28 N.Y.S. 288 | N.Y. Sup. Ct. | 1894
The action is for the foreclosure of a mortgage of real estate "made by the defendant, and the injunction which is prayed for in the complaint, and was granted temporarily on the ex parte application of the plaintiff, restrains the defendant from collecting or disposing of a judgment which he has recovered and now holds against the plaintiff, and upon which execution has been issued, until the determination of this action and the sale of the mortgaged premises, and the entry of judgment therein for a deficiency,—if a deficiency shall arise on such sale,—to the end that the amount of such deficiency may be applied on the defendant’s judgment above mentioned, in payment thereof. We believe that
Upon all the facts thus disclosed, we think the plaintiff fails to establish any equities which entitle him to the extraordinary remedy of an injunction. He took the assignment of the mortgage after the defendant recovered his judgment against him, and evidently for the purpose of preventing or impeding the collection of that judgment.

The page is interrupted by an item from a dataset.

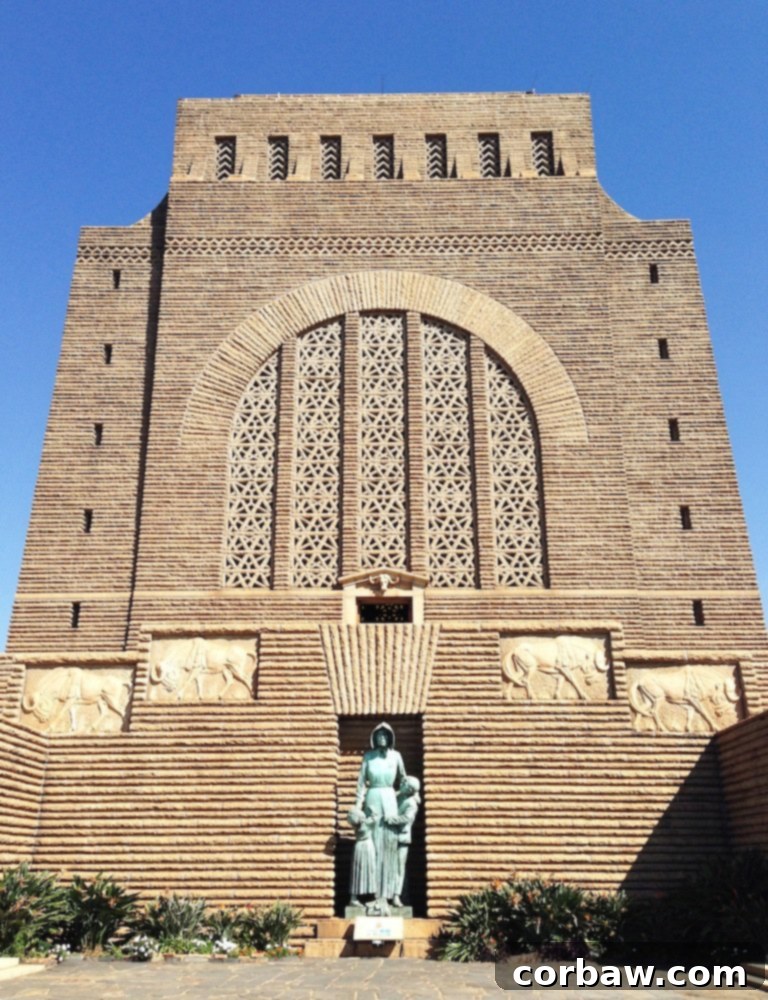 Interior view of the Voortrekker Monument's Hall of Heroes with ornate wall friezes.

It does not appear how much he paid, or that he paid anything, for the mortgage; and if the security was, or was understood to be, as inadequate as his allegations would make it appear, it is not to be supposed that he took it except at a very considerable discount. In any case, his venture was largely speculative, and he should be content to await its issue in the ordinary course of litigation. In no aspect of the case, based upon the proofs before us, does the plaintiff seem to be entitled to the relief in question. On general principles, and .aside from special considerations which arise in this case, the claims involved are not such as are subject to equitable set-off. Hatch v. Mayor, etc., 82 N. Y. 442; Pond v. Harwood, 139 N. Y. 111, 34 N. E. 768. In both of these cases the rule is stated, in substantially the same language, that:
“Something more than the mere existence of reciprocal and independent demands is required, to authorize a set-off in equity, when not allowable under the statute of set-offs. Circumstances must be shown from which it can be inferred that one debt was contracted on the faith of the other, or that there was an agreement between the parties that the one should be deducted from the other, or some other intervening equity which renders the interposition of that court necessary for the creditor’s protection.”
And in the latter of the two cases the court quotes from Hackett v. Connett, 2 Edw. Ch. 73, the statement that:
“Equity decrees a set-off, independent of the statute, only where mutual debts exist, and where there was either an express or implied agreement of stoppage pro tanto, or mutual credits.”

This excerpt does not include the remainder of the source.